--- START ---

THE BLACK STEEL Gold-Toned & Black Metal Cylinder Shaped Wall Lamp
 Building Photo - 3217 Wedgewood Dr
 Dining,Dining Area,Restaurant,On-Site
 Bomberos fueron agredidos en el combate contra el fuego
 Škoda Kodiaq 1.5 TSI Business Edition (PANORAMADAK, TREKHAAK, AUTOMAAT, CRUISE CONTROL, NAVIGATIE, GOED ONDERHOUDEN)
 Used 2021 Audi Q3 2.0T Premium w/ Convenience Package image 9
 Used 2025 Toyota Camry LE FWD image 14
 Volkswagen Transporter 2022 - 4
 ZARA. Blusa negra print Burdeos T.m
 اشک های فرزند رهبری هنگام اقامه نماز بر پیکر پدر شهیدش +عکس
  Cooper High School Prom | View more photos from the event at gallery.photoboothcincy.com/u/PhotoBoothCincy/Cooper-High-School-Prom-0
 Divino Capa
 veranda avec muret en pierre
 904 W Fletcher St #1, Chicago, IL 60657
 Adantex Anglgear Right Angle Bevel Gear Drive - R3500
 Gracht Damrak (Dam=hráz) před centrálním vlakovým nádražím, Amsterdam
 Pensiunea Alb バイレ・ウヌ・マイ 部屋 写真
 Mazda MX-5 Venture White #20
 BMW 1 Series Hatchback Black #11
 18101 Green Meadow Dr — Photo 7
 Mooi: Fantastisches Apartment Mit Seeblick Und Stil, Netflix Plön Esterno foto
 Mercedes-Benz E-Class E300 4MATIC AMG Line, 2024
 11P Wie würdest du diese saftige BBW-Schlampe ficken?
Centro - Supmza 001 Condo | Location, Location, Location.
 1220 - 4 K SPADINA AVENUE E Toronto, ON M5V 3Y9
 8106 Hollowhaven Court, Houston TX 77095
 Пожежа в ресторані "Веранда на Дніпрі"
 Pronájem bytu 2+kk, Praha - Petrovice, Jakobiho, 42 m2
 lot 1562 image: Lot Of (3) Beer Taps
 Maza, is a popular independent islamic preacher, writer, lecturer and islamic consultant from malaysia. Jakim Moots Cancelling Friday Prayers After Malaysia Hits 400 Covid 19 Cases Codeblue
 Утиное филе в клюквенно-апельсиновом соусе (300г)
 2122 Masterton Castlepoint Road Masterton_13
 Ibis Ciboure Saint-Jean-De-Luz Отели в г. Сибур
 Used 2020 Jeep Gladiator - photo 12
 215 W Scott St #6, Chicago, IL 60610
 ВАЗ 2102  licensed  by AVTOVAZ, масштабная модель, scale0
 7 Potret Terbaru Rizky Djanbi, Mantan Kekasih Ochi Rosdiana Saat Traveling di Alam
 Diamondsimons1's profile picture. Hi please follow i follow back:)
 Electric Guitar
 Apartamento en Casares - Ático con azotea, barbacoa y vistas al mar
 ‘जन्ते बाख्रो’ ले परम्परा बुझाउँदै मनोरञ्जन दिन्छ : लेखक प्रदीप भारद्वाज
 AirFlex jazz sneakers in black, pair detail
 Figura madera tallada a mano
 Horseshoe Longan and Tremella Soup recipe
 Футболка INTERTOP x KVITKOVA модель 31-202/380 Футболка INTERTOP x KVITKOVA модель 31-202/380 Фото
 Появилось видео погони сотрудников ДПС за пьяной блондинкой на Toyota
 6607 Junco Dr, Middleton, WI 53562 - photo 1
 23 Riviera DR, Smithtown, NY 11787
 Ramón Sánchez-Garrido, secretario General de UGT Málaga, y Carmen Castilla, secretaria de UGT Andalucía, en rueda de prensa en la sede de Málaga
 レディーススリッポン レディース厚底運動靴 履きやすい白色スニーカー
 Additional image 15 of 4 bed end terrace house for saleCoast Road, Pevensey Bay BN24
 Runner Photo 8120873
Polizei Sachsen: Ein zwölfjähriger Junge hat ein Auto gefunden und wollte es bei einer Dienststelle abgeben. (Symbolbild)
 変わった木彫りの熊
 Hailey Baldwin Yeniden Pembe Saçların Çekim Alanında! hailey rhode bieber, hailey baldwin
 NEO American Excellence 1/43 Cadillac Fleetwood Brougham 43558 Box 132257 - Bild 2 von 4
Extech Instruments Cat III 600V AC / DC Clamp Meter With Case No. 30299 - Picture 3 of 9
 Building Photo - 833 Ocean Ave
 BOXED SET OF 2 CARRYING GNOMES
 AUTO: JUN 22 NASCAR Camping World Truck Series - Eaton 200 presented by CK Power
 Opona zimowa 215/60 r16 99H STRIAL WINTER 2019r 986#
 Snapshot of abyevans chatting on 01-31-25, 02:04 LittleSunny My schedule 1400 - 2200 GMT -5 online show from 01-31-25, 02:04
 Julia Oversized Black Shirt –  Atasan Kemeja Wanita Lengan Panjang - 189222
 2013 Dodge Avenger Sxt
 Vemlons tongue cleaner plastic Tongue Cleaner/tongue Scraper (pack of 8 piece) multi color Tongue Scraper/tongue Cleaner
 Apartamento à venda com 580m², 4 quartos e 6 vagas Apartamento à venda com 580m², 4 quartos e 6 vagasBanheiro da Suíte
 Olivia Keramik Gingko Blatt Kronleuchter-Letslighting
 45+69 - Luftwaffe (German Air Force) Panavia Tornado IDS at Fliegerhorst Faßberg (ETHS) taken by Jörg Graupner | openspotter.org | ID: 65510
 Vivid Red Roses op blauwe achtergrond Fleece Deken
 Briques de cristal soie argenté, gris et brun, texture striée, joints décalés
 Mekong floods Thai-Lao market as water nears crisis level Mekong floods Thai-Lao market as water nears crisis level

--- END ---

__Try it__.
Please tally how many lines in the listing above contain the word "Road", and answer with the figure alone.

__Response to this exercise__.
2